マラッカ海峡で日本のタグボート『韋駄天』の乗務員3人が海賊により拉致される事件が起こった。
マラッカ海峡での海賊の跳梁は01年頃がピークであり、しばらくは減少傾向にあったが、スマトラ島沖の巨大地震の前まで増える傾向にあったという。12日にも同種の事件が起きていた。
マラッカ海峡の安全問題については、昨年米国がテロの標的になることを予見し、海峡警備に介入しようとしていた経緯がある。

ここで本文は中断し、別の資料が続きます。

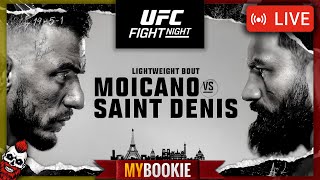 🔴 UFC Paris RENATO MOICANO x BENOIT SAINTDENIS  LIVE STREAM ufcparis [upl. by Ynttirb]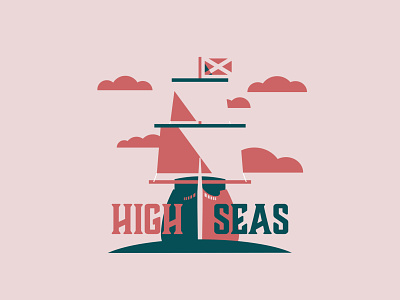 High Seas - 188/365 boat mast ocean sailing sea seas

イラク戦争に反対であり、イスラム諸国会議機構(OIC)の議長国であるマレーシアは、英、豪、ニュージーランド、シンガポールとの5カ国防衛協定があることを理由に米国の介入を断り、独自に沿岸警備隊を設立して、警備の強化に当たってきた。
おそらくシンガポールは、本心では米国の介入を望んでいただろうが、マレーシアが沿岸警備隊を設立するという説得に折れたのであろう。しかしながら、インドネシアを取り込む枠組みがなく、まだ片手落ちだといわざる得ない。
海賊はインドネシア人によるものがほとんどだ。海賊行為は金品の収奪や身代金が目的で、乗組員の命までは奪わないであろうと考えられる。しかし、インドネシアが真剣にならない限り、マラッカ海峡の安全維持はおぼつかないことが明らかになった。
世界の半数のタンカーが行き来するマラッカ海峡がF.フォーサイスの『悪魔の選択』のようなシナリオの舞台になるとも限らない。巨大タンカーがテロリストの手に落ちたら、世界を屈服させる大事件になる。
安全は国土だけのものではないことをあらためて思い知らされる。